__BRIEF__: Reproduce only this stretch of the listing below: from the line with "Close-up of black" through the line with "Stunning winter view", exactly as written, with pictures excluded.

__MATERIAL SUPPLIED__:
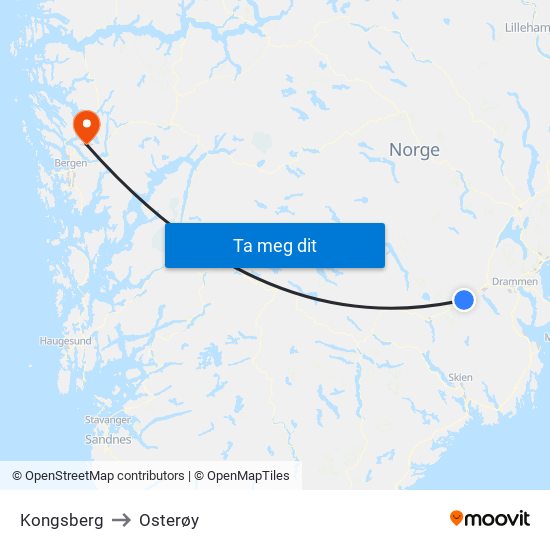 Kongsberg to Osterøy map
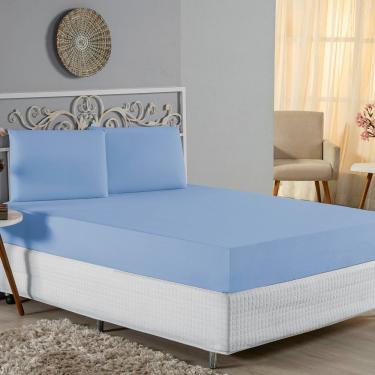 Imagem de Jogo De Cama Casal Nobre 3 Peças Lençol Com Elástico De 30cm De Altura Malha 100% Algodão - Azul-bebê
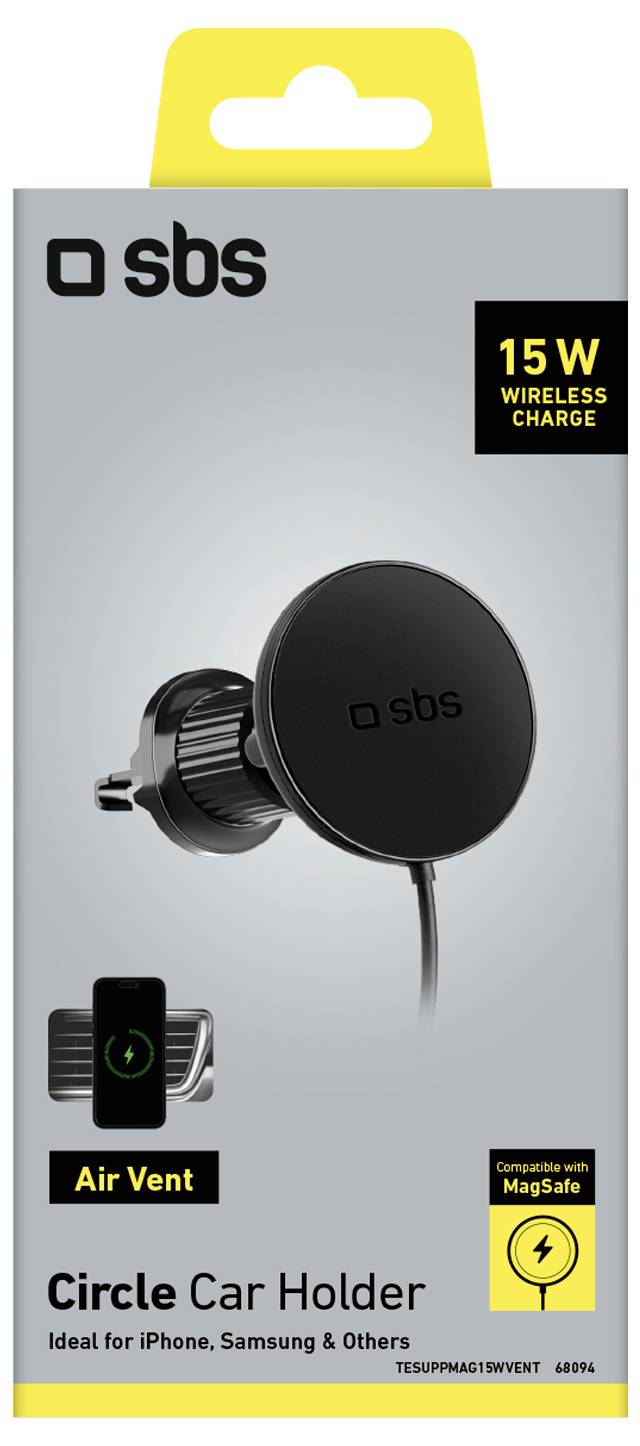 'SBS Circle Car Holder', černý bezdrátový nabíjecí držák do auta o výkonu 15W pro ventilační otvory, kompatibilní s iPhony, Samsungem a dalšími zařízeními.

--

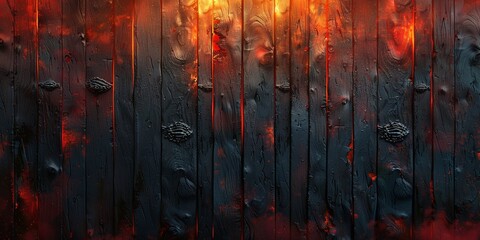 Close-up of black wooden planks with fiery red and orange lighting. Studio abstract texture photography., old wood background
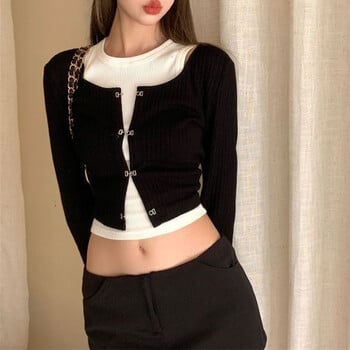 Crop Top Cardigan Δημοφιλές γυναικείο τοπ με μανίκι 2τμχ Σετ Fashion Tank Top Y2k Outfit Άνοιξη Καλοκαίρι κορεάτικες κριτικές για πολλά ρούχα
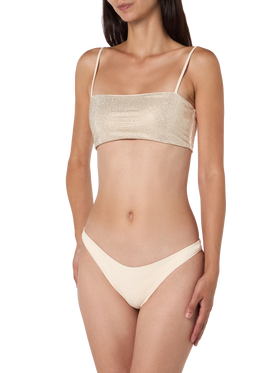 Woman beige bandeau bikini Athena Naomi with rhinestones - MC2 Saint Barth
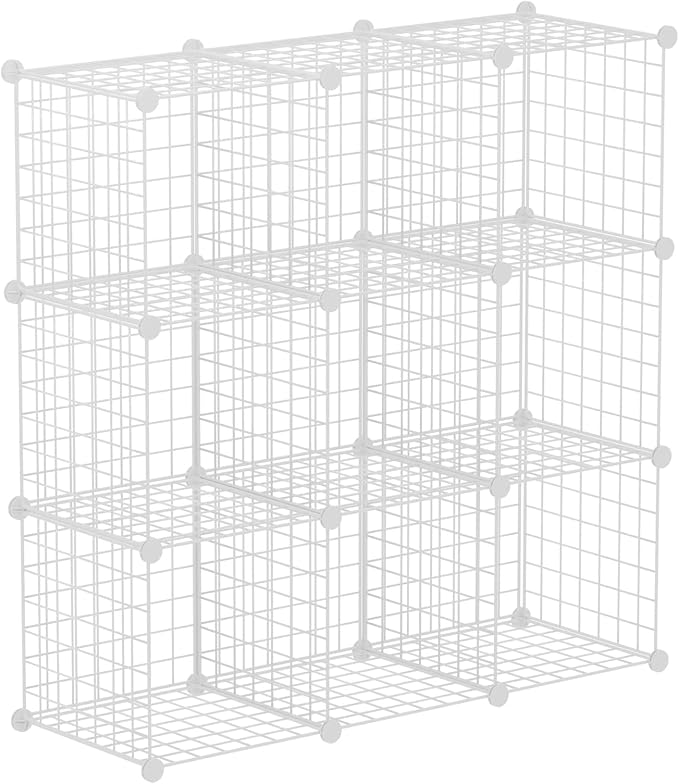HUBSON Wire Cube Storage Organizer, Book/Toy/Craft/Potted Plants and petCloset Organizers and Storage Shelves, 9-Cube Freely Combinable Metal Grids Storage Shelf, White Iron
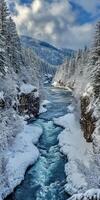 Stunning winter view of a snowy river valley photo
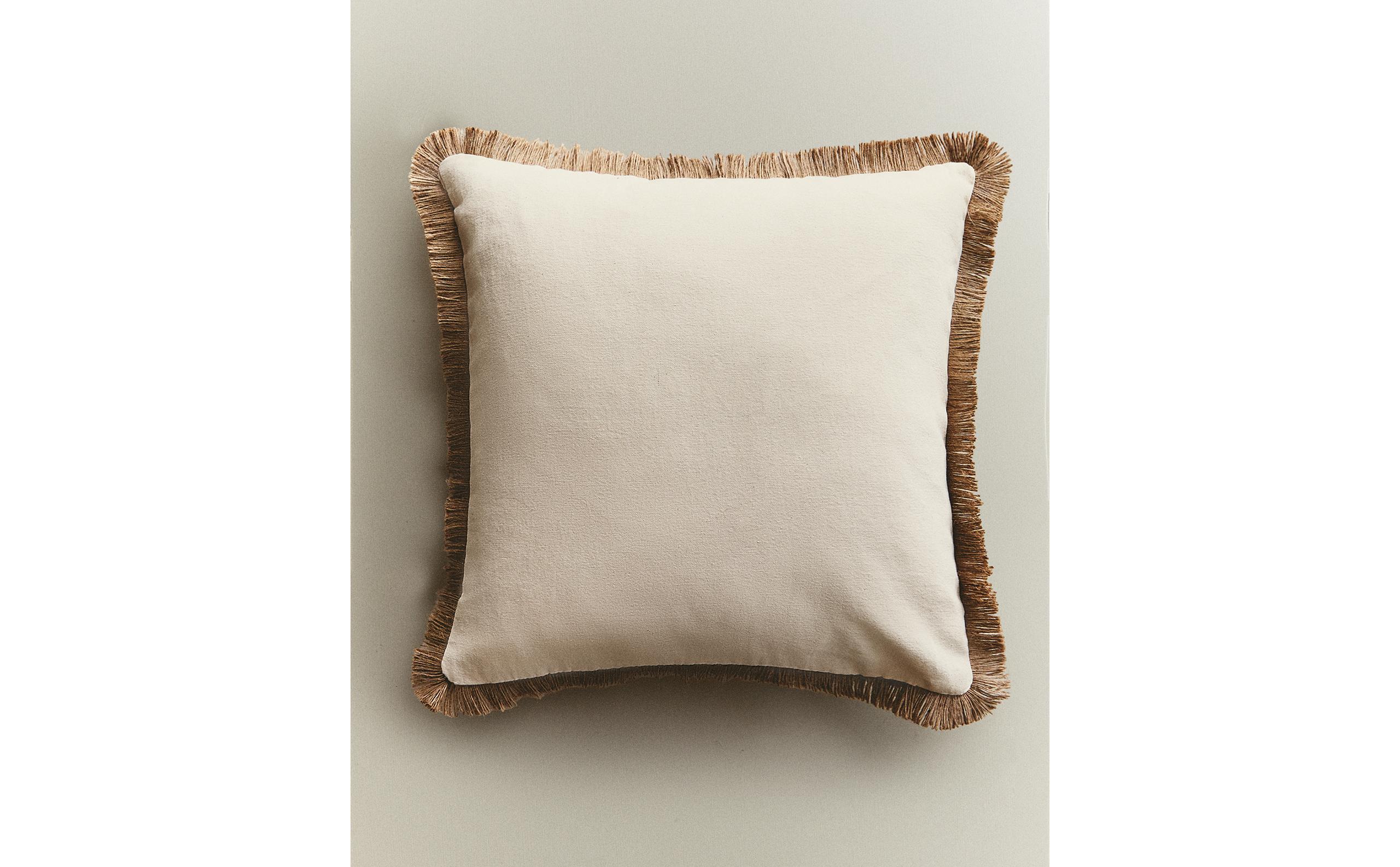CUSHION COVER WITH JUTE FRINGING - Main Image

__SOLUTION FOR THIS TASK__:
 Close-up of black wooden planks with fiery red and orange lighting. Studio abstract texture photography., old wood background
 Crop Top Cardigan Δημοφιλές γυναικείο τοπ με μανίκι 2τμχ Σετ Fashion Tank Top Y2k Outfit Άνοιξη Καλοκαίρι κορεάτικες κριτικές για πολλά ρούχα
 Woman beige bandeau bikini Athena Naomi with rhinestones - MC2 Saint Barth
HUBSON Wire Cube Storage Organizer, Book/Toy/Craft/Potted Plants and petCloset Organizers and Storage Shelves, 9-Cube Freely Combinable Metal Grids Storage Shelf, White Iron
 Stunning winter view of a snowy river valley photo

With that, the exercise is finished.